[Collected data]

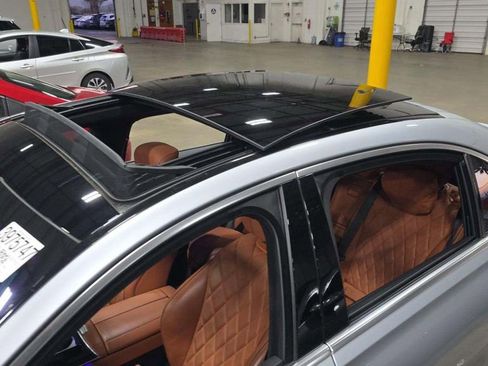 Certified 2022 Mercedes-Benz S 580 4MATIC Sedan image 17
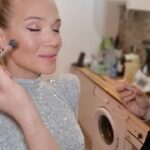 Patricia Montero Instagram - ➡️ Mix #ChefOfTheYear2024 @tapasmagazine @forbes_es 👉🏻 El último video es Patry en estado puro 😂, y aunque anula por completo todo el glamour, creo que aporta la verdad a la que últimamente somos tan fieles 🩵🫶🏼 1. Photocall evento 2. Un 👗 @elisabettafranchi muy 🔝 @replicacomunicacion 3. Mi casi marido @alexadrover y su naturalidad 4. Con @dinhvanparis me siento bella 5. Mesa molona con talento a raudales 🍽️ 6. You&Me 😍 7. Que me pilla el lobo 😂 8. Aunque no te mire, TE VEO 9. MAGIA by @beautybykikecrespo para @saigucosmetics 10. Duelo entre la lavadora y el tendedero 🤦🏼‍♀️🙃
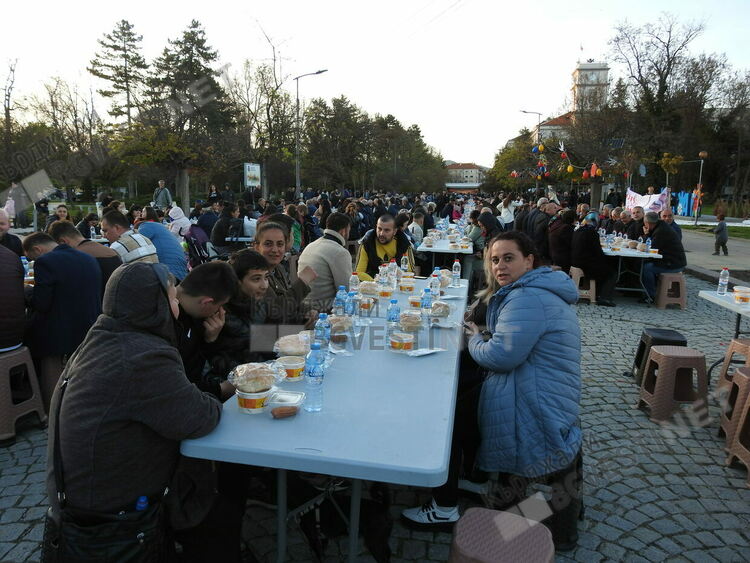 Кемал Калъчдароглу в Кърджали: Религията не трябва да се употребява за политически цели!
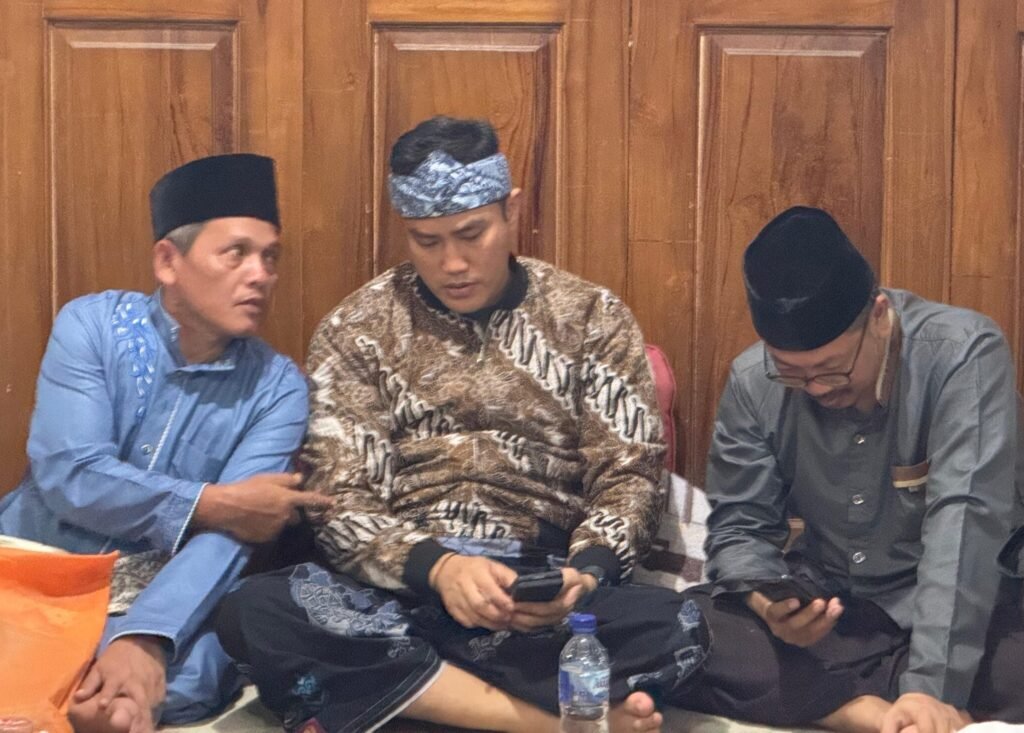 Abdul Karim mendengarkan masukan warga Cianjur dalam kegiatan dialog wakil rakyat.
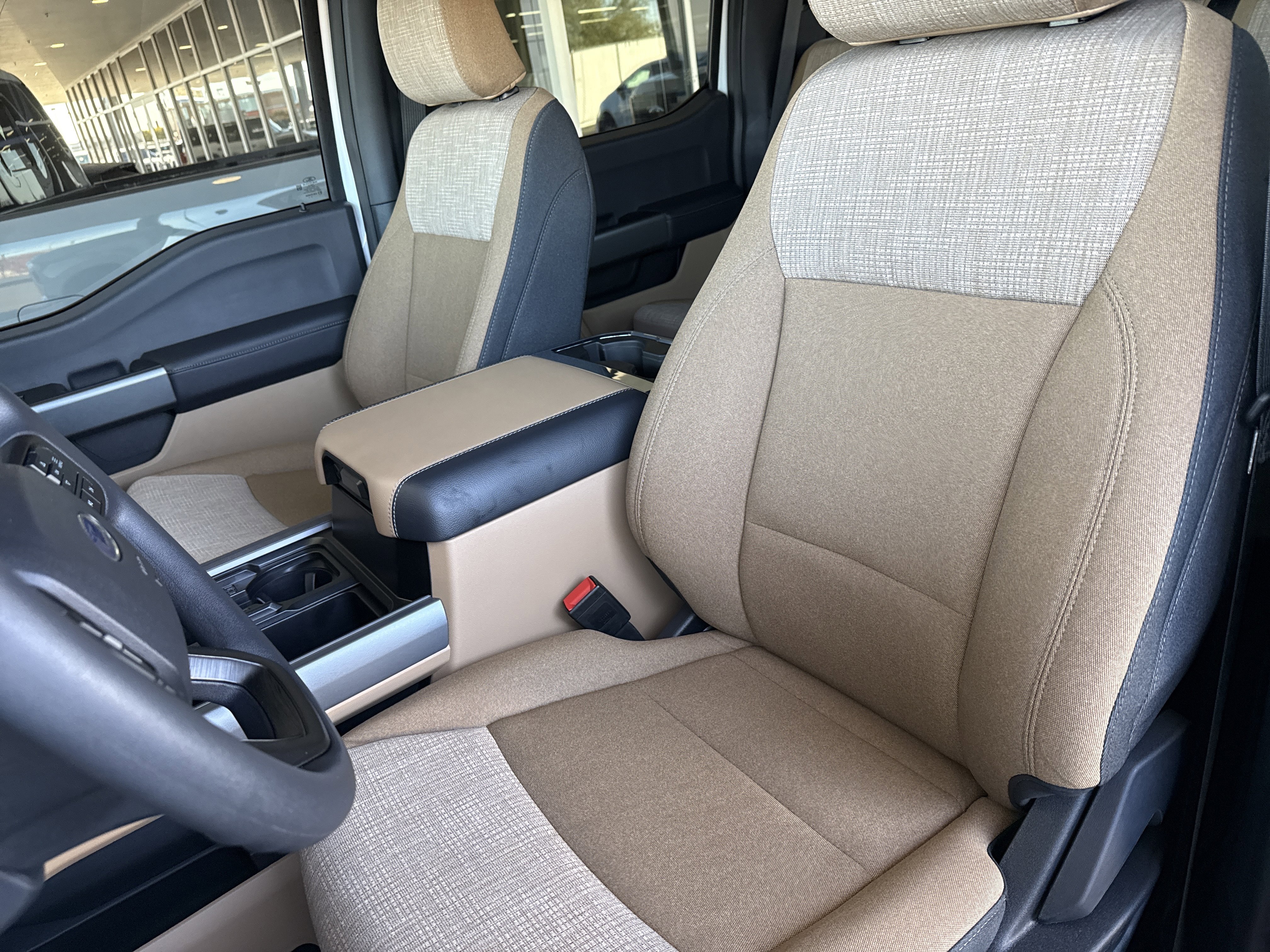 2026 Ford F-350 Super Duty XLT - Photo 21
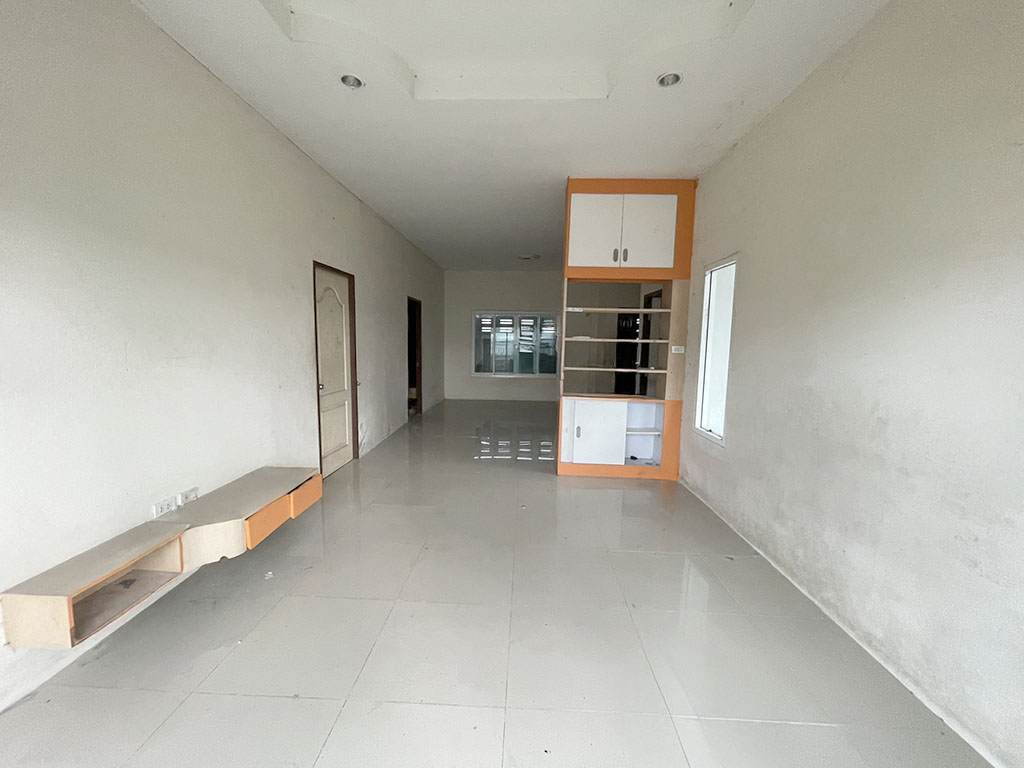 83d039da-137007-6.jpg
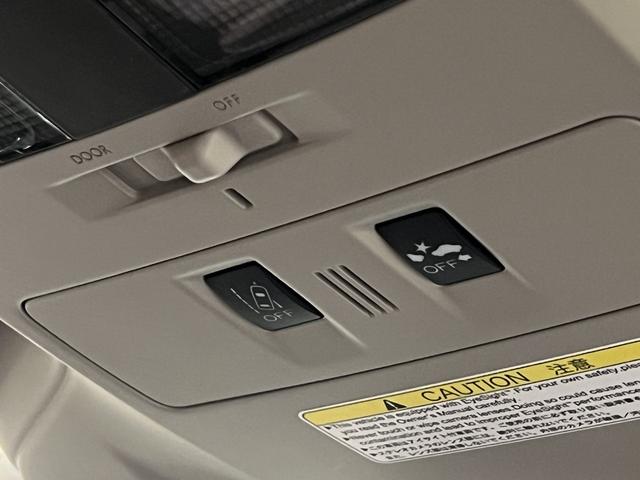 レヴォーグ １．６ＳＴＩスポーツアイサイト　４ＷＤ／アドバンスドセイフティパッケージ／ビルシュタイン足／黒本革電動メモリーシート／シートヒーター／レーダークルコン／レーンアシスト／ＳＲＶＤ／ハイビームアシスト／カロッツェリアナビ／バックカメラ（28枚目）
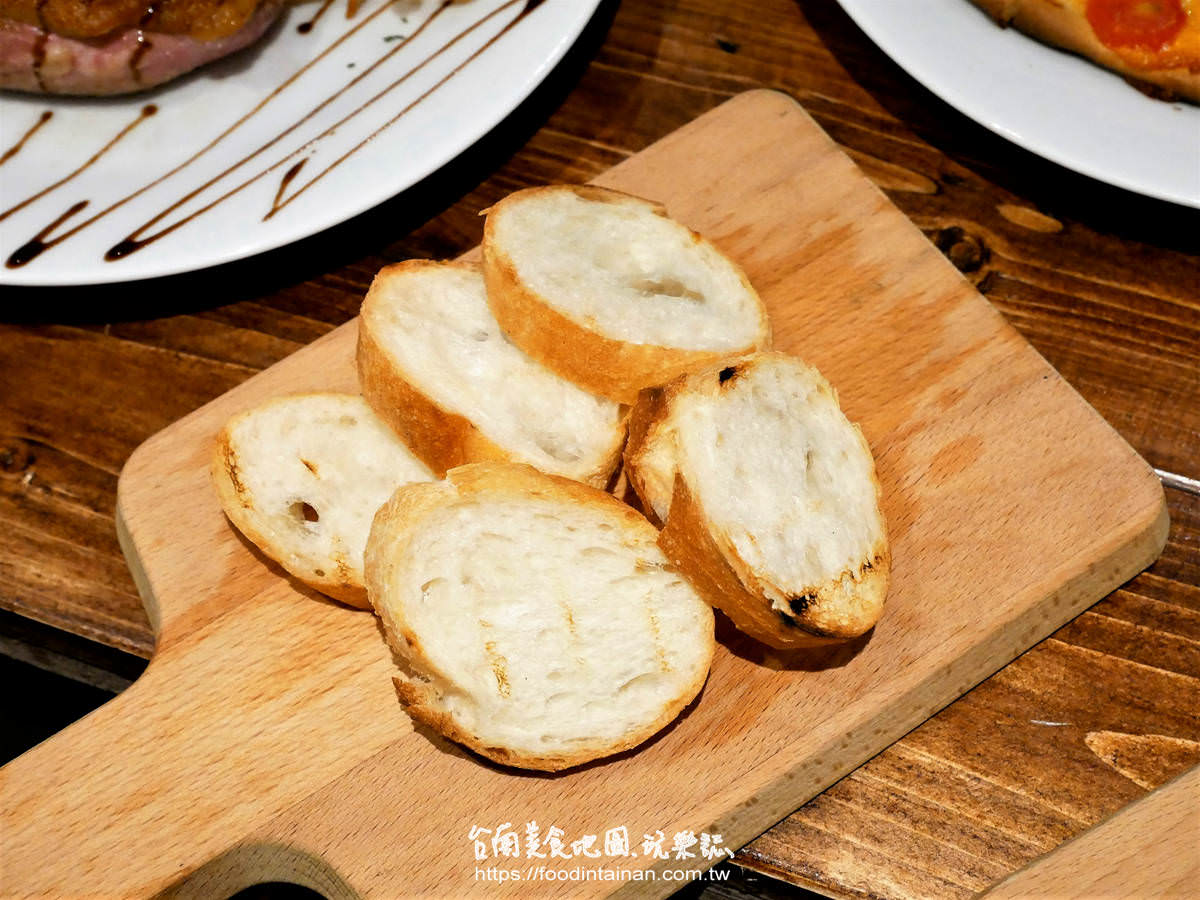 臺南東區(qū)推薦主廚私房義法料理早午餐下午茶午餐晚餐點心炸物甜點餐廳-Dotch Bistro 兜齊餐酒館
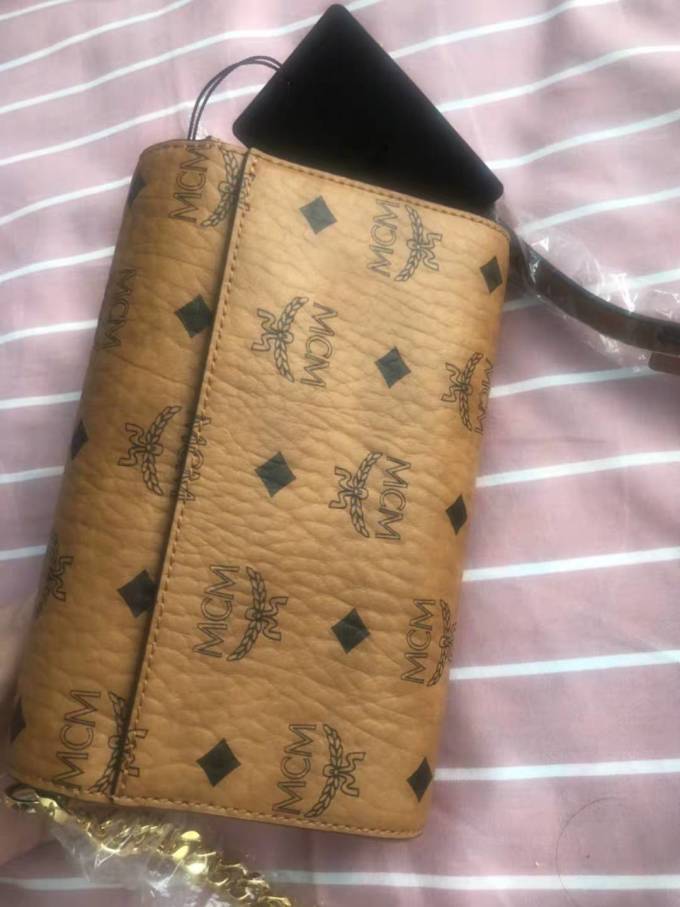 Mcm女士单肩包怎么样mcm小包包 什么值得买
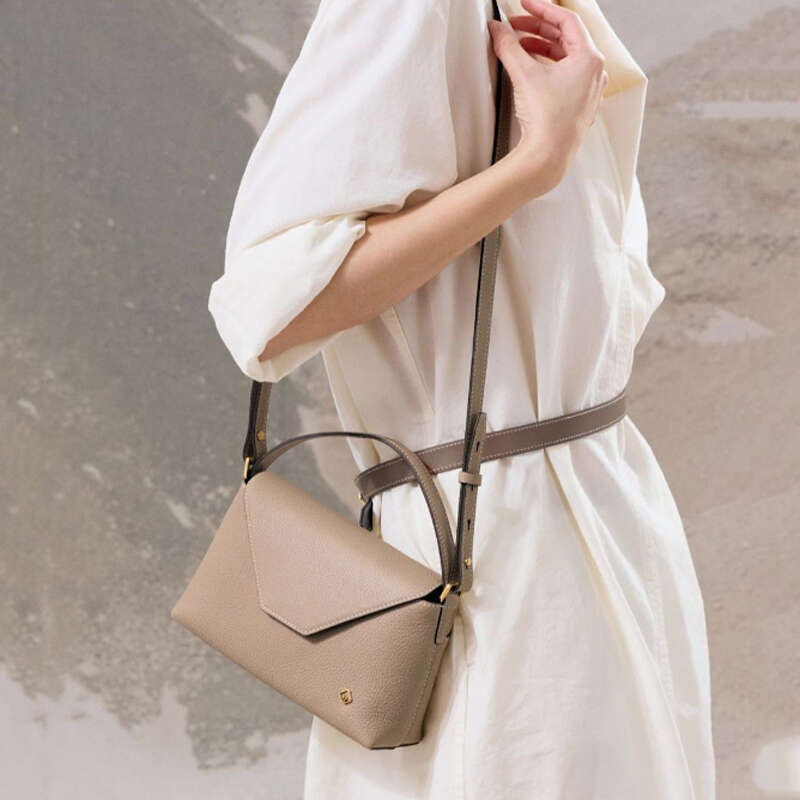 2024 Designer New Styles Messenger Genuine Leather Shoulder Women's Envelope Bag Fashion Small Size Women Handbag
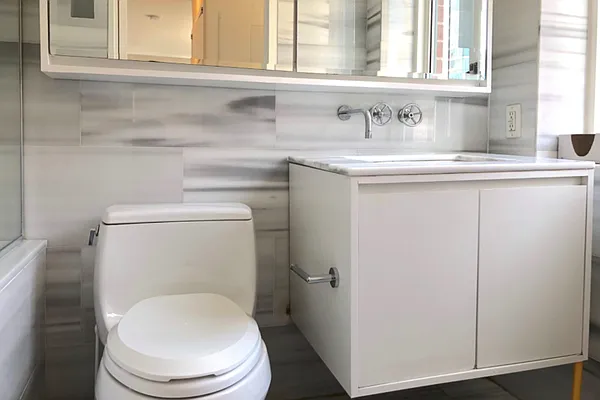 Rented by Compass | media 9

### Your assignment
From the first line to the last, retype the entries above exactly, minus the pictures.

### Solution
 Certified 2022 Mercedes-Benz S 580 4MATIC Sedan image 17
 Patricia Montero Instagram - ➡️ Mix #ChefOfTheYear2024 @tapasmagazine @forbes_es 👉🏻 El último video es Patry en estado puro 😂, y aunque anula por completo todo el glamour, creo que aporta la verdad a la que últimamente somos tan fieles 🩵🫶🏼 1. Photocall evento 2. Un 👗 @elisabettafranchi muy 🔝 @replicacomunicacion 3. Mi casi marido @alexadrover y su naturalidad 4. Con @dinhvanparis me siento bella 5. Mesa molona con talento a raudales 🍽️ 6. You&Me 😍 7. Que me pilla el lobo 😂 8. Aunque no te mire, TE VEO 9. MAGIA by @beautybykikecrespo para @saigucosmetics 10. Duelo entre la lavadora y el tendedero 🤦🏼‍♀️🙃
 Кемал Калъчдароглу в Кърджали: Религията не трябва да се употребява за политически цели!
 Abdul Karim mendengarkan masukan warga Cianjur dalam kegiatan dialog wakil rakyat.
 2026 Ford F-350 Super Duty XLT - Photo 21
 83d039da-137007-6.jpg
 レヴォーグ １．６ＳＴＩスポーツアイサイト　４ＷＤ／アドバンスドセイフティパッケージ／ビルシュタイン足／黒本革電動メモリーシート／シートヒーター／レーダークルコン／レーンアシスト／ＳＲＶＤ／ハイビームアシスト／カロッツェリアナビ／バックカメラ（28枚目）
 臺南東區(qū)推薦主廚私房義法料理早午餐下午茶午餐晚餐點心炸物甜點餐廳-Dotch Bistro 兜齊餐酒館
 Mcm女士单肩包怎么样mcm小包包 什么值得买
 2024 Designer New Styles Messenger Genuine Leather Shoulder Women's Envelope Bag Fashion Small Size Women Handbag
 Rented by Compass | media 9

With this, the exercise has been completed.